El resultado es una película de una madurez inquebrantable sin renunciar a la emoción de la duda primeriza. Se trata de una película que coloca el duelo en el centro, pero sin caer en la tentación de convertirlo en un asunto para la estéril metafísica. Los Tortuga es una película que mancha y se mancha. Es una película que se sirve del actual y grave problema de la vivienda para llevar la discusión a donde importa: la desigualdad, la injusticia y la decencia (o su carencia, según el lado del que se mire). Y a la vez convierte la inmigración no en el problema de nuestro tiempo como buscan algunos sino en su esencia, su sentido, su futuro incluso. Como dice el cuento mínimo de Luis Felipe Lomelí El emigrante: "-¿Olvida usted algo? -Ojalá".
Sin duda, se nos ha quedado una muy bonita Biznaga de Oro para la furia. Y la reconciliación. Por cierto, pocos finales tan redondos, emocionantes y perfectos como el de Los Tortuga.
EL REGRESO DE GRACIA QUEREJETA Y EL BRILLANTE 'FALSO' DEBUT DE GERARD OMS
Por lo demás, la sección oficial de este Festival de Málaga inapelable hasta el momento se completó con dos trabajos a la altura. El más vistoso, aunque solo sea por los gritos que arrastra a su paso, fue el debut como director de un veterano del cine español. Gerard Oms, actor y coach (sea esto lo que sea) de actores, presentó Muy lejos de la mano de un Mario Casas tan rotundo como soberbio (de ahí los gritos de antes). Se trata de un viaje hacia dentro de la masculinidad (la tóxica, suponiendo que la haya de otro tipo) que bien podría pasar por una brillante, literal y metafórica, todo en uno, salida del armario. Y a su lado, Gracia Querejeta estrenó un drama con alma de thriller que resume, exhibe y hasta transpira veteranía, buen hacer y asolerada maestría. La buena suerte, así se llama, es un relato sobre la paternidad y el perdón resuelto en el oficio y genio de unos actores que van de Hugo Silva a Miguel Rellán pasando por Megan Montaner.

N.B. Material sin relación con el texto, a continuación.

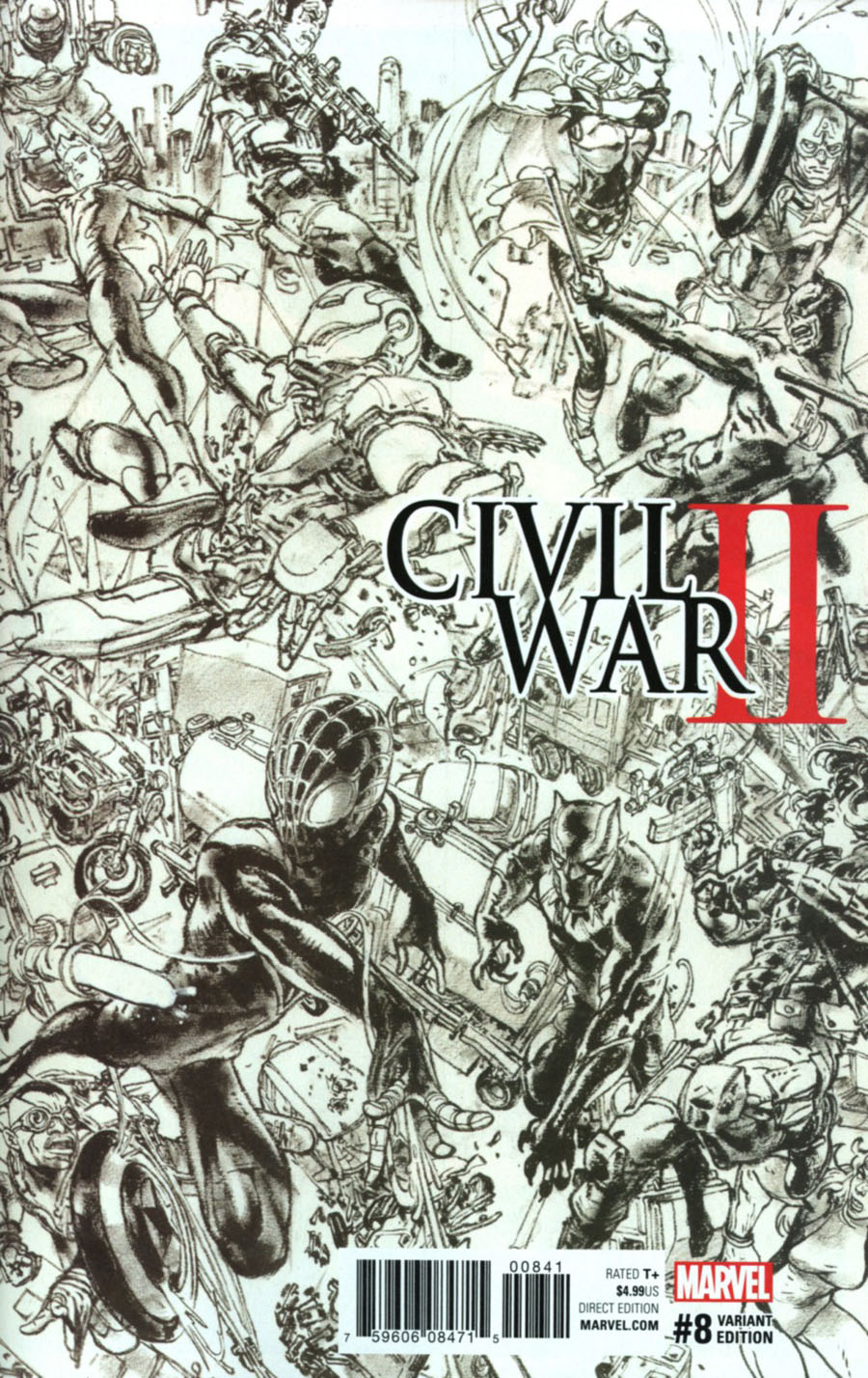 Civil War II #8 Cover D Variant C Cover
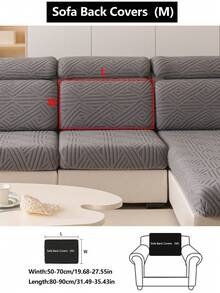 1pc Elastic Sofa Cover, Non-Slip Full Wrap Sofa Seat Cover, All-Season Universal Sofa Cushion Cover, Thickened Fabric Sofa Cover, Machine Washable, Dust-Proof, Dirt-Resistant, Home Decor, Pet-Friendly Protective Cover, Dark Gray Fresh Room Decor, Adjustable Corner Sofa Cover Suitable For Bedroom, Office, Living Room, Combination And L-Shaped Sofa And 1234 Seat Covers - Dark Grey - View 15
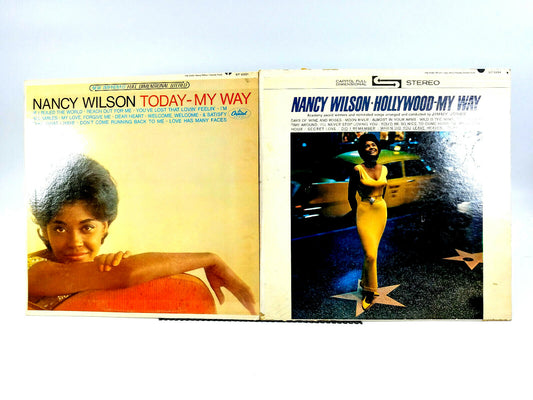 Lot of 2 Nancy Wilson LPs - Today, My Way & Hollywood, My Way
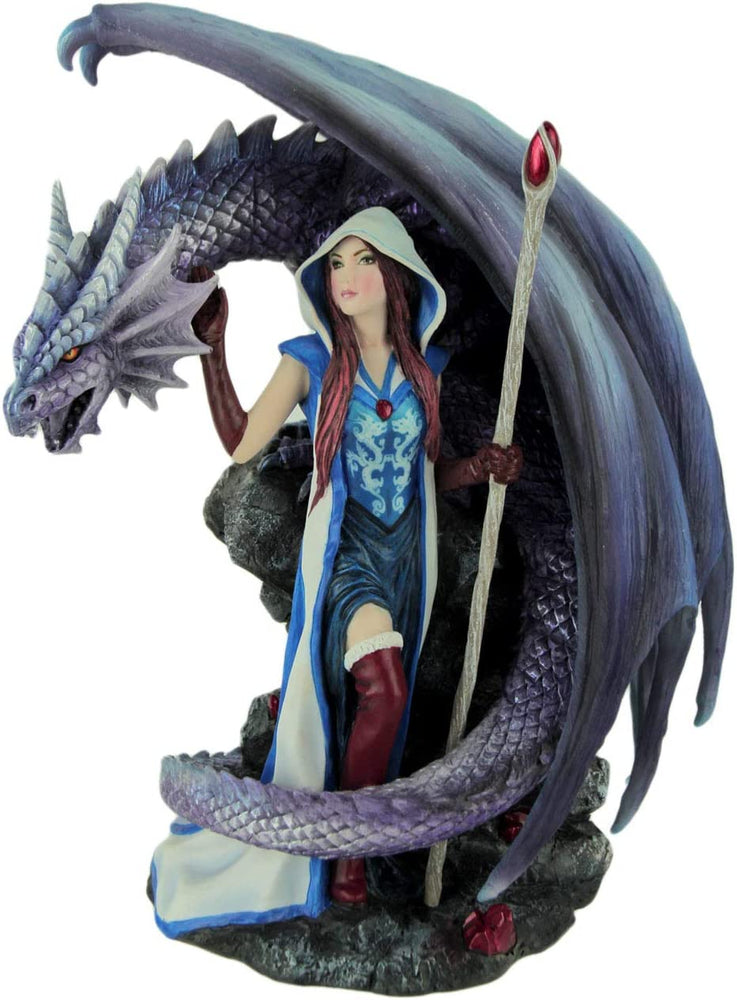 Dragon's Mage by Anne Stoke Sorceress and Dragon Statue (ONLINE ORDER ONLY)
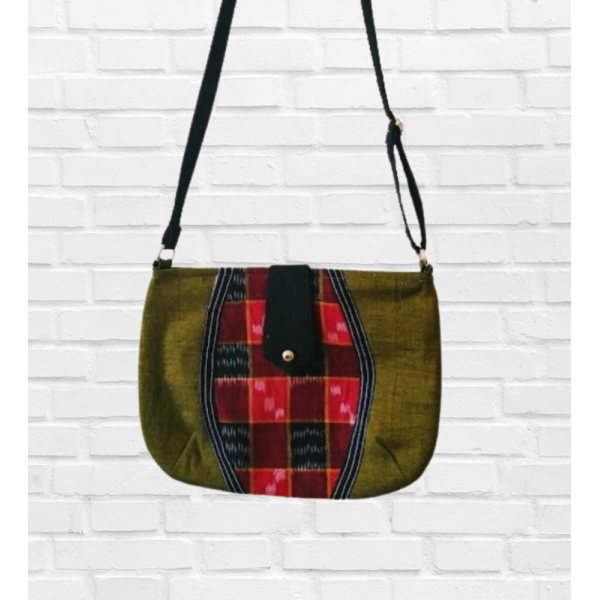 AZ: Sambalpuri Handloom Cotton Sling bag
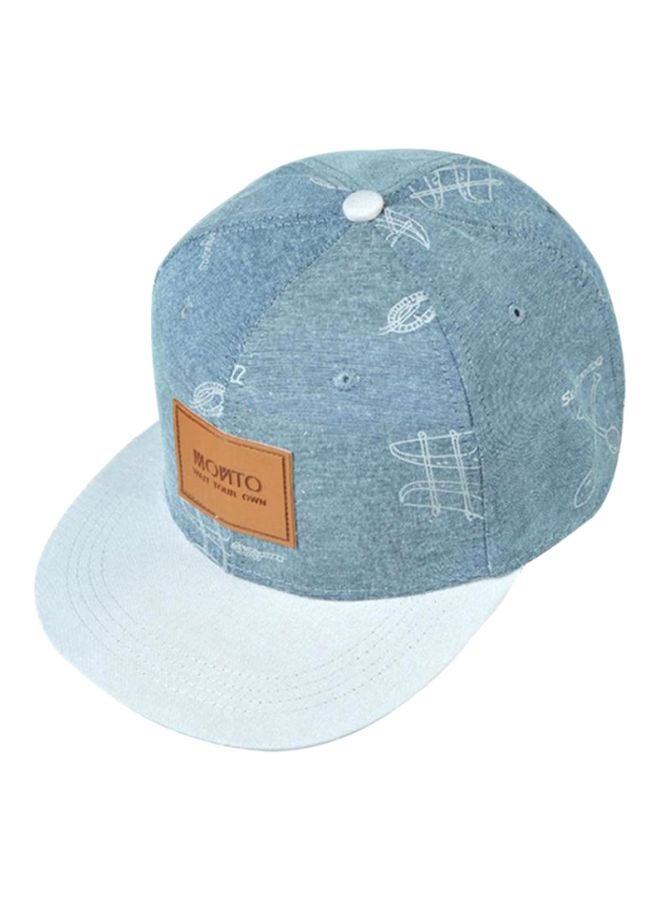 Printed Baseball Cap Blue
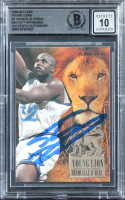 Shaquille O'Neal Signed 1994 Fleer Young Guns #5 (BGS | Auto 10) at PristineAuction.com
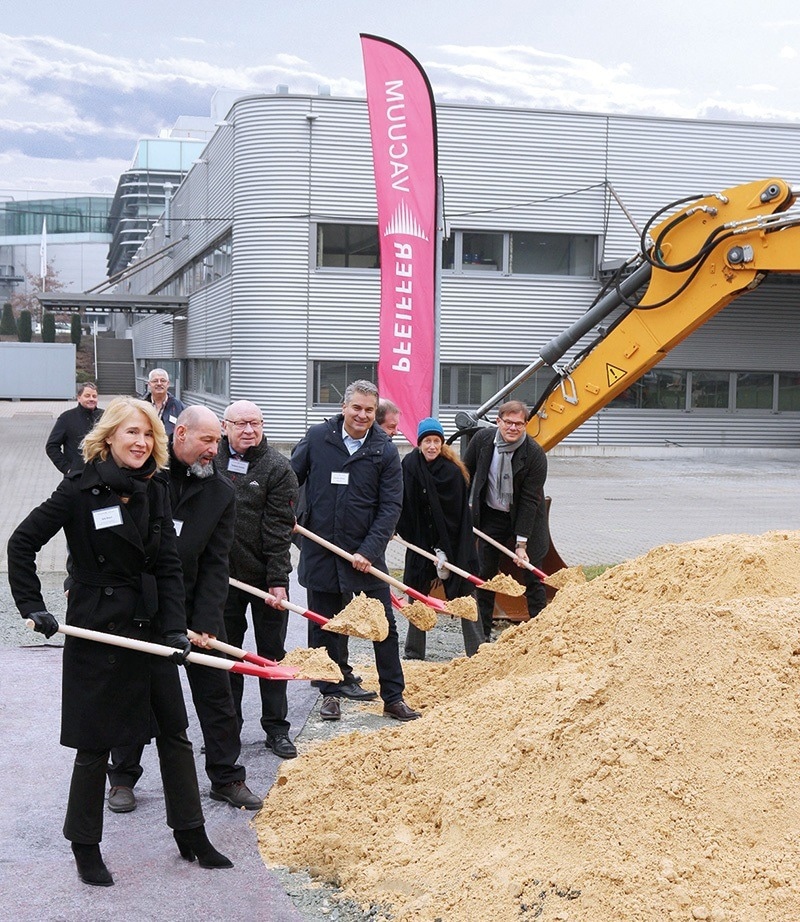 Groundbreaking Ceremony for the Pfeiffer Vacuum “Future Factory Asslar”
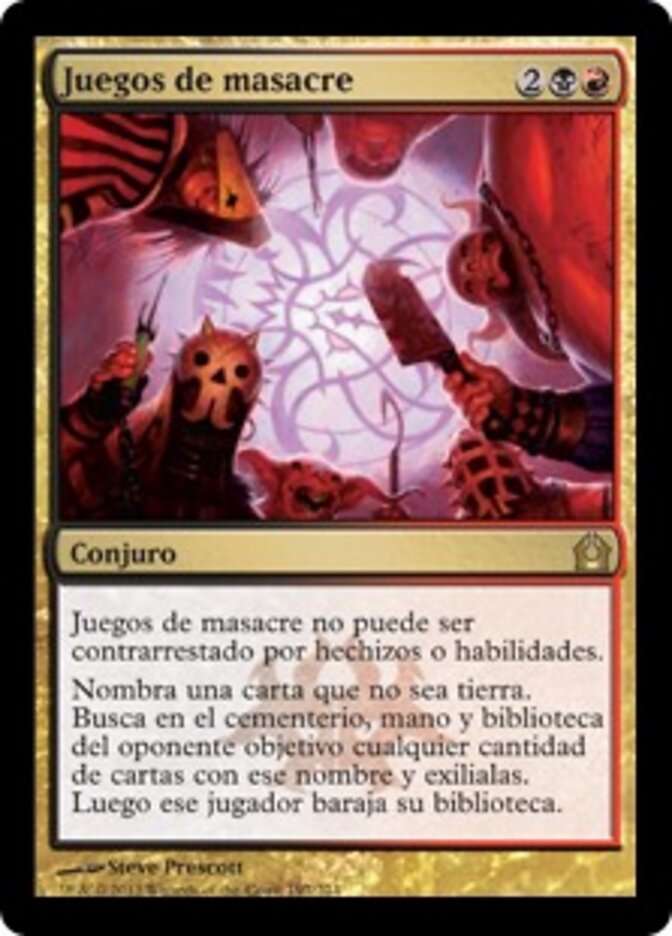 Juegos de masacre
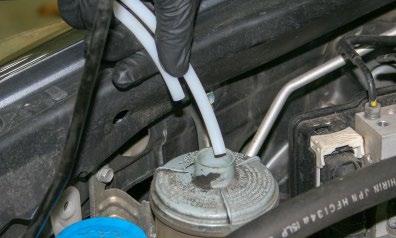 Make sure that there are no problems with the power steering system such as leaks, belt slippage or excessive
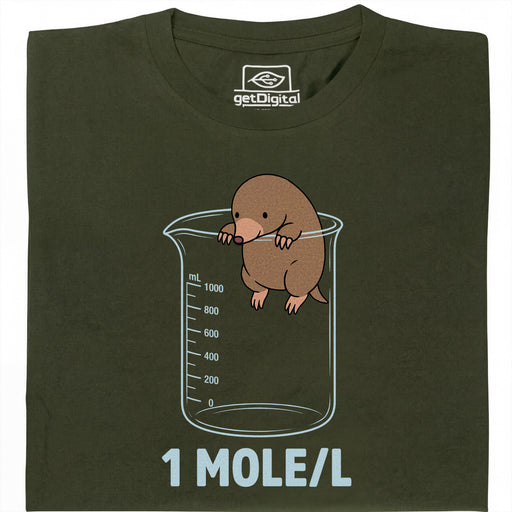 One Mole per Liter - Vista principale T-Shirt Verde Scuro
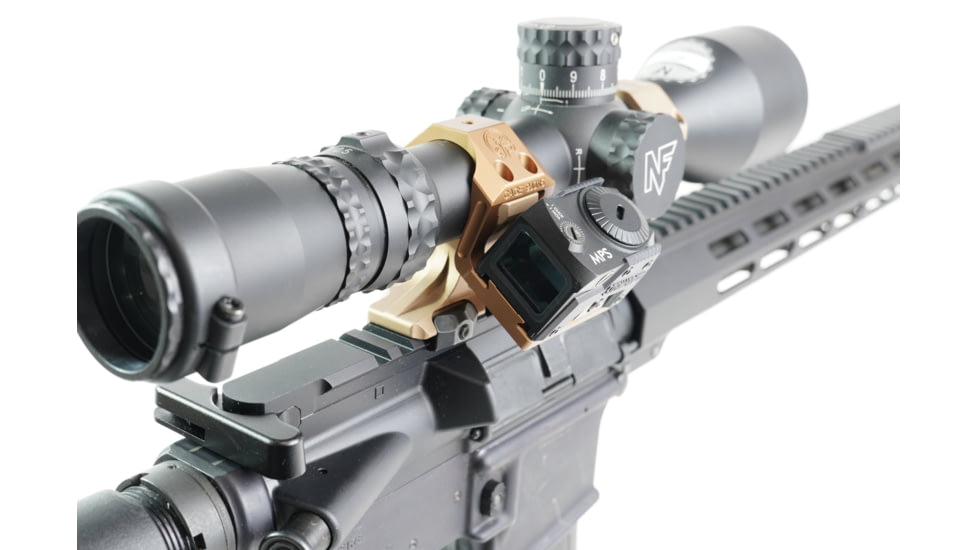 Rotapoint 35 Offset Mount for 30mm Geissele &amp; Reptilia AUS Mounts, Aimpoint Acro Footprint, Ambi, FDE, 30mm, AC30-FDE
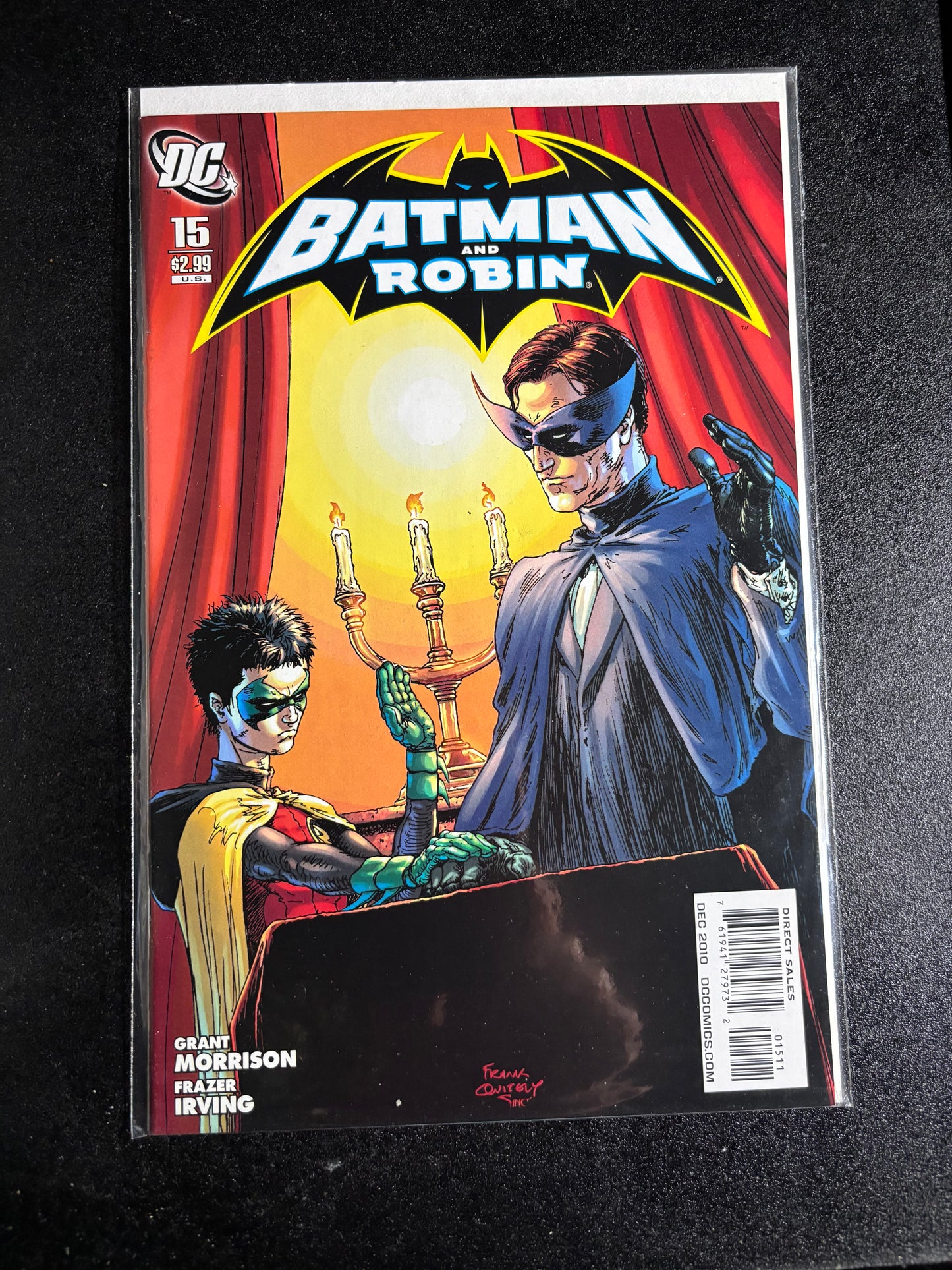 Batman and Robin #15 – Batman Must Die! (2009 Grant Morrison series) – DC Comics (Sept 2010)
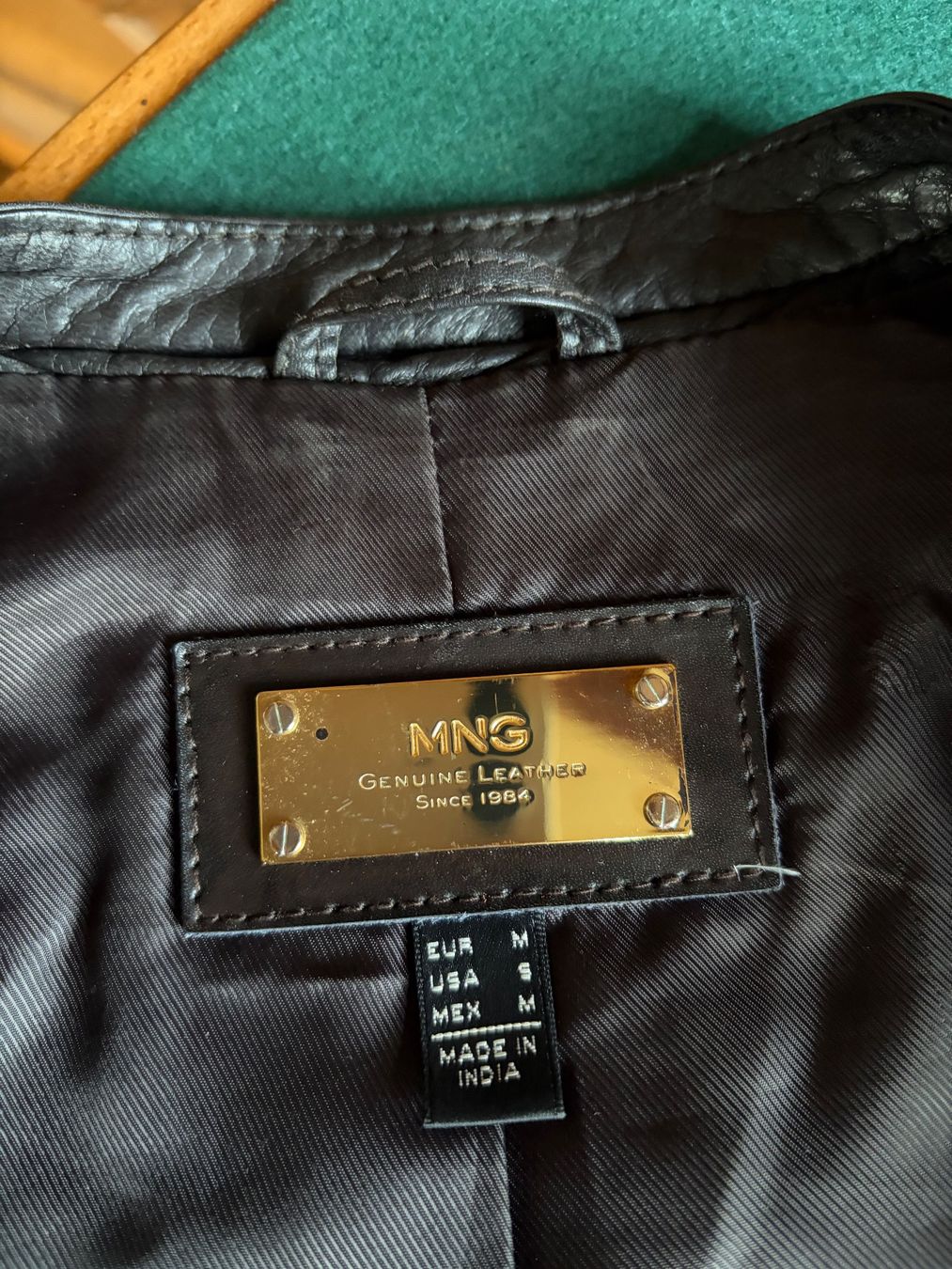 Mango Giacche: MANGO Biker Jacke  100 % Leder Größe M – Usato da Interlaken venduto da Bona55 4
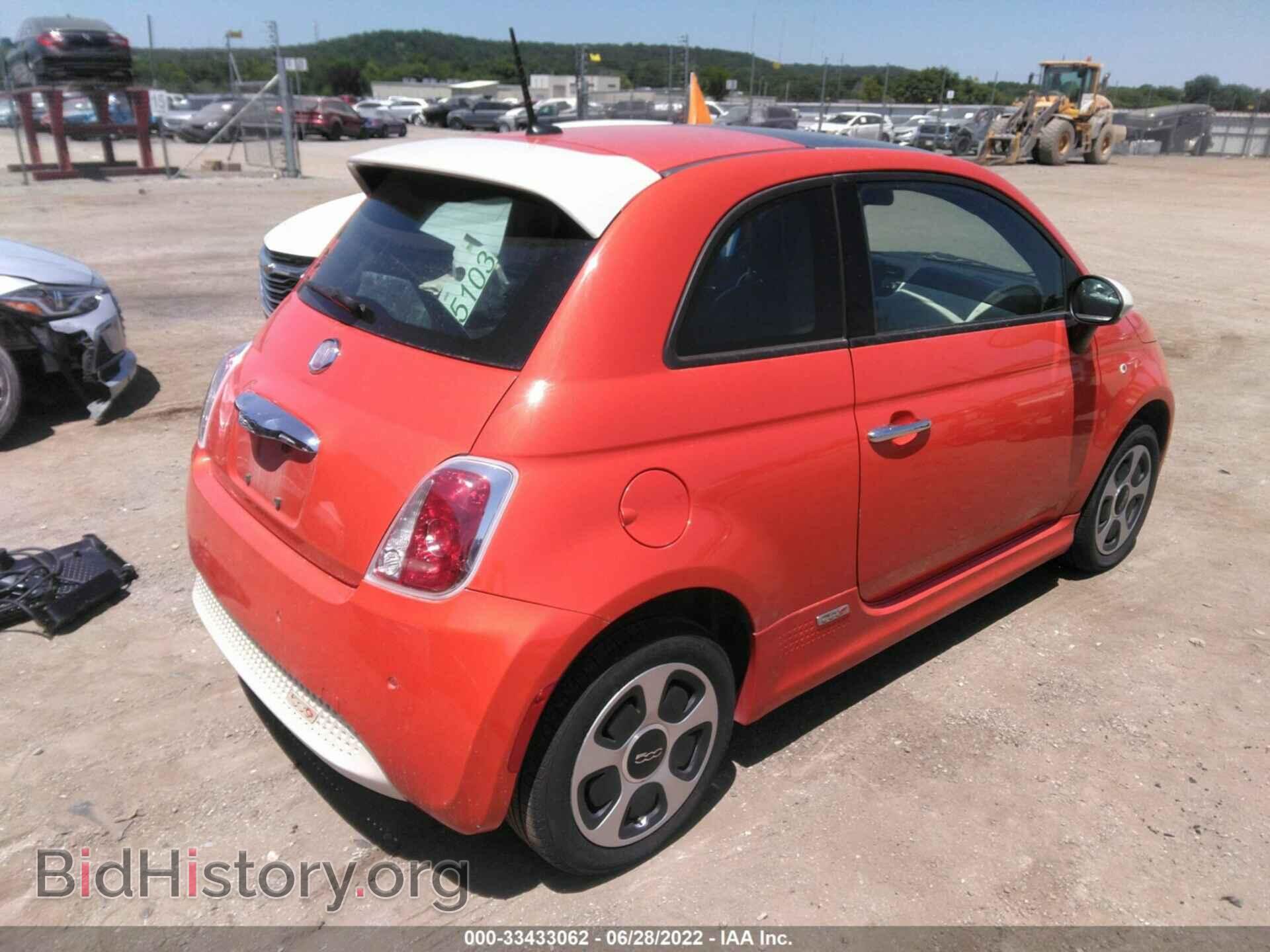 2015 FIAT 500E - VIN: 3C3CFFGE8FT507289 - Фото 4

La de Oms, rodada íntegramente en Holanda, es una película volcada en las espaldas y cada uno de los silencios de su protagonista. Nunca ha estado mejor Casas. Muy lejos cuenta la historia de un hincha del Espanyol que, tras asistir a un partido de fútbol en Utrecht, decide quedarse ahí. No habla el idioma, no sabe qué hacer y ni siquiera hace buen tiempo. Los motivos no están claros. Lo estarán a medida que avance la cinta, pero sin exagerar. Y ahí, precisamente, el mayor logro de un trabajo construido enteramente no sobre lo que se ve, sino lo que está. La película logra lo que pretende sin el menor asomo de duda: mantener en todo momento vivo el instante de una duda, la fiebre de una revolución a punto de estallar. Sin duda, un debut tardío, pero muy bienvenido.
A su lado, el último trabajo de Gracia Querejeta huye de la más que brillante experimentación que supuso Invisibles, su anterior película, para ofrecer ahora un depurado ejercicio de oficio. Un arquitecto de éxito se refugia en un pueblo perdido en mitad de ninguna parte. Huye de algo que se parece bastante a sí mismo. Planteada como un drama, la película despliega poco a poco una oscura intriga que habla de culpa, paternidad y la lejana posibilidad del perdón. Precisa, dura, amarga y de un clasicismo que, la verdad, de tanto en tanto, hace descansar la vista. Los trípodes existen y gratifica dar con una directora que sabe usarlos.